* Activity:
Dropping every picture, set down exactly the lines in the entries below, starting with the line with "Resim Adidas Mt" and going on through the line with "Hornady Mfg Co".

┄┄┄┄┄┄┄┄┄┄┄┄┄┄┄┄┄┄┄┄

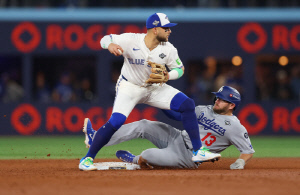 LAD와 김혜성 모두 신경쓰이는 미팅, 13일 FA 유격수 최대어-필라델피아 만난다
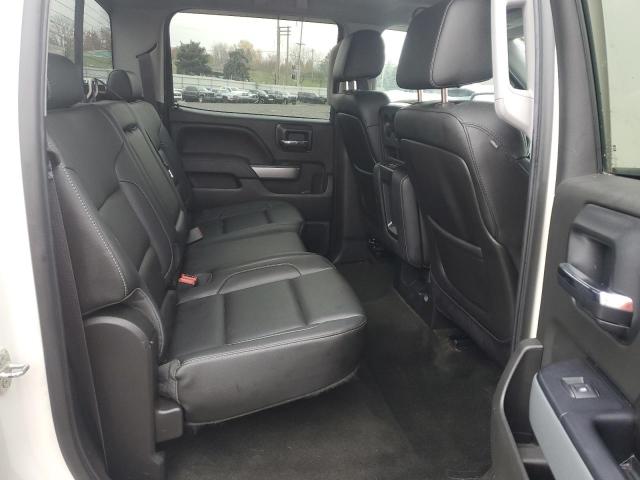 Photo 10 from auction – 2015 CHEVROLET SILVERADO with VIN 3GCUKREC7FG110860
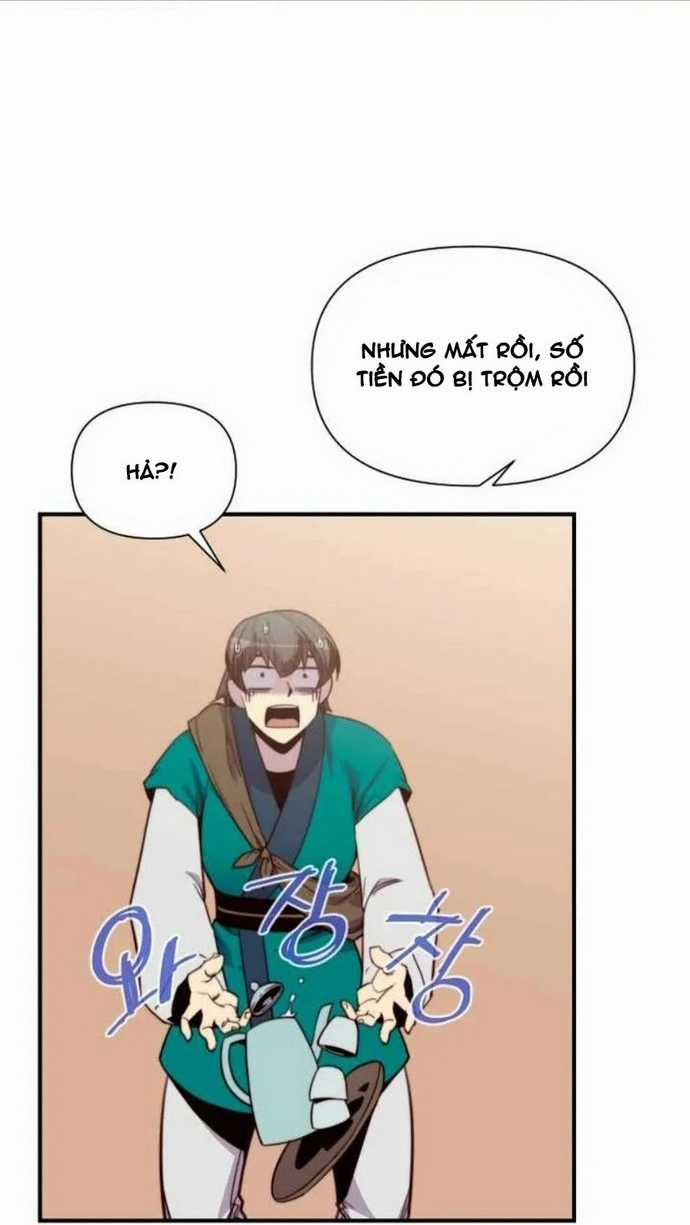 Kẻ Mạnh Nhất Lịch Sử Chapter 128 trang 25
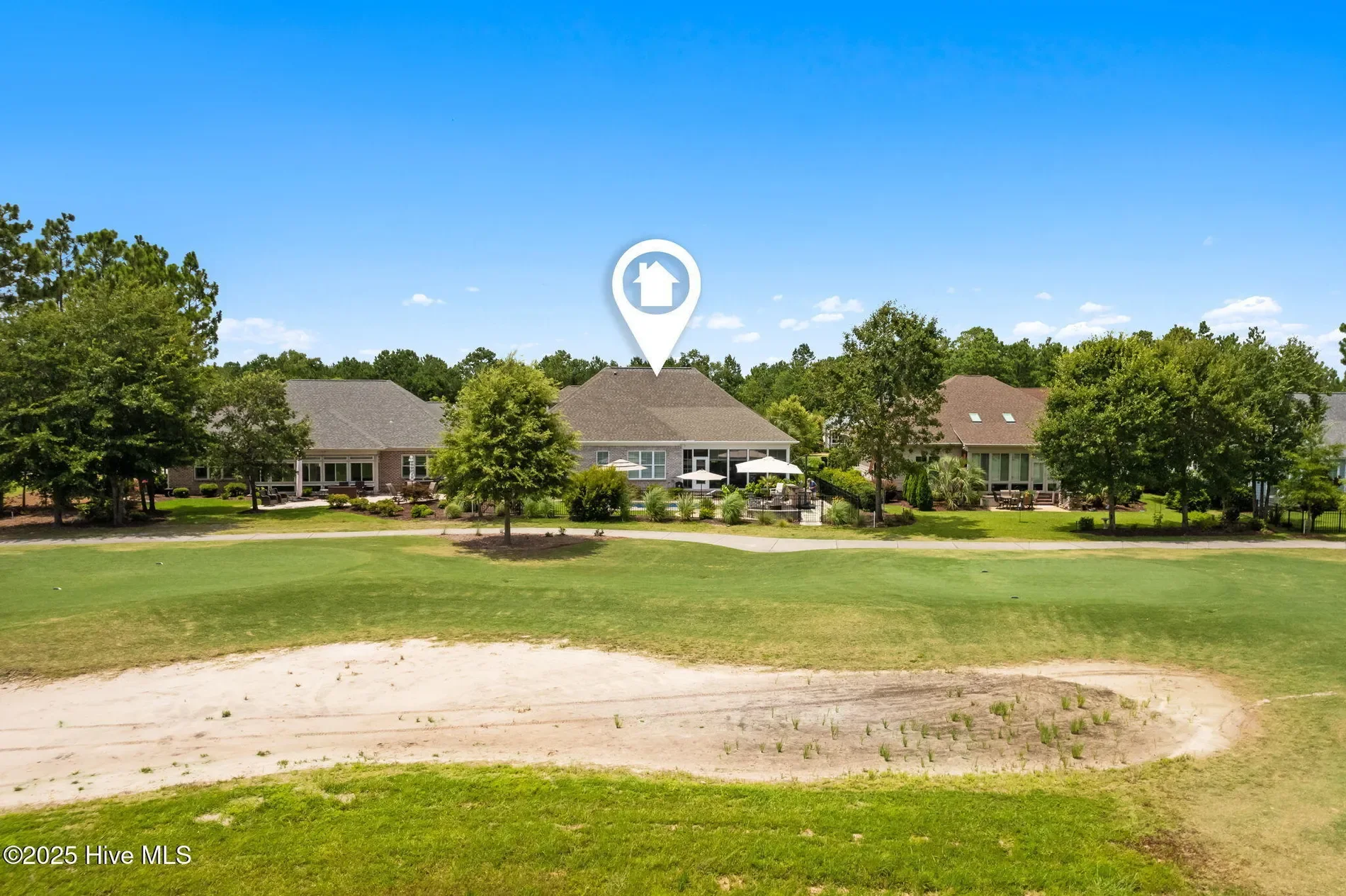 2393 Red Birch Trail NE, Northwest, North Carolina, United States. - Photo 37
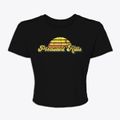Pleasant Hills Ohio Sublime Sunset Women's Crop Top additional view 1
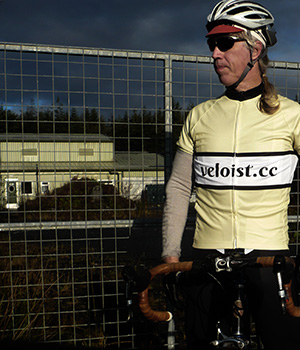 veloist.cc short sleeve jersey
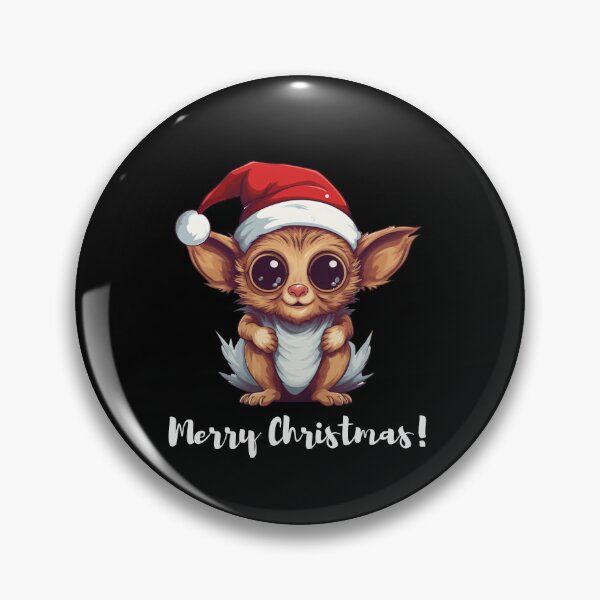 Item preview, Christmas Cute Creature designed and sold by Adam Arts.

┄┄┄┄┄┄┄┄┄┄┄┄┄┄┄┄┄┄┄┄

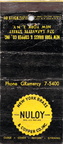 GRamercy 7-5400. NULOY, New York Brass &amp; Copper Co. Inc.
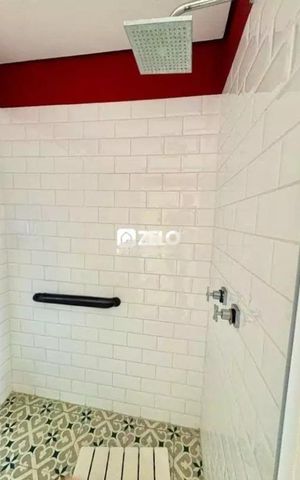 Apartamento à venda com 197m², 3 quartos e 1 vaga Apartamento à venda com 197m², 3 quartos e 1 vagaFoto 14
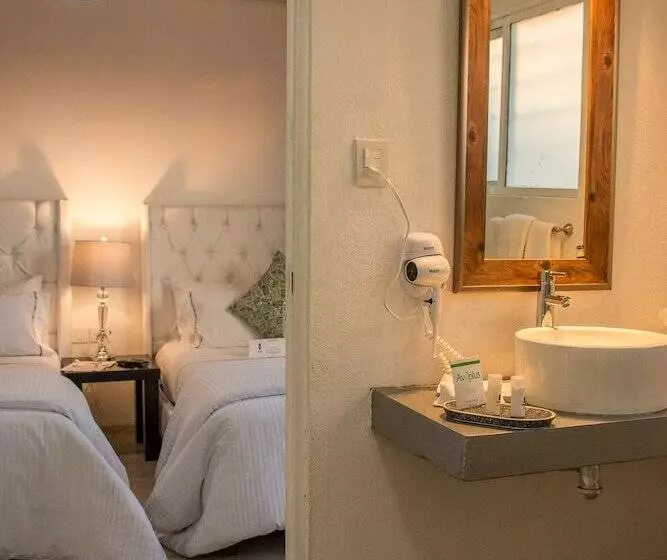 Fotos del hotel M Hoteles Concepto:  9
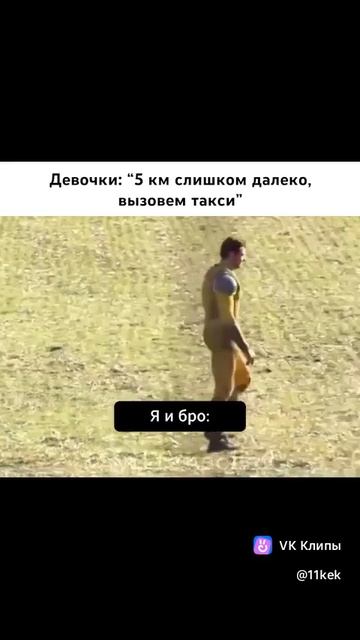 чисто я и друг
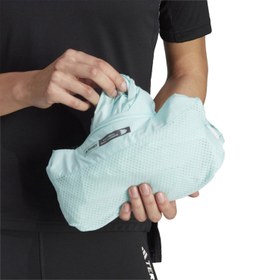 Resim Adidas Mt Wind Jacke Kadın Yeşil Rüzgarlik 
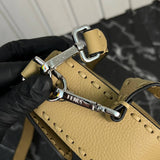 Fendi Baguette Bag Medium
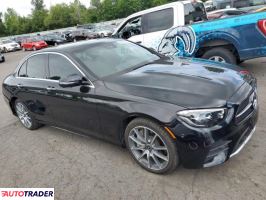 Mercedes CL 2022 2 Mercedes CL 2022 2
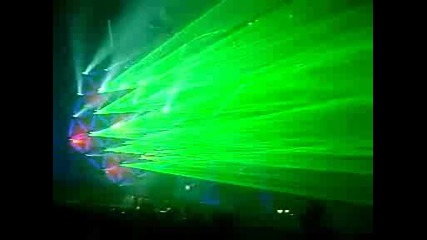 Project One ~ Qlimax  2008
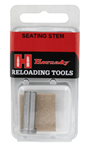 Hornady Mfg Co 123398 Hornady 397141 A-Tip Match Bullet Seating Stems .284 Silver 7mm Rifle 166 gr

┄┄┄┄┄┄┄┄┄┄┄┄┄┄┄┄┄┄┄┄

* Output for this exercise:
 Resim Adidas Mt Wind Jacke Kadın Yeşil Rüzgarlik 
 Fendi Baguette Bag Medium
 Mercedes CL 2022 2 Mercedes CL 2022 2
 Project One ~ Qlimax  2008
 Hornady Mfg Co 123398 Hornady 397141 A-Tip Match Bullet Seating Stems .284 Silver 7mm Rifle 166 gr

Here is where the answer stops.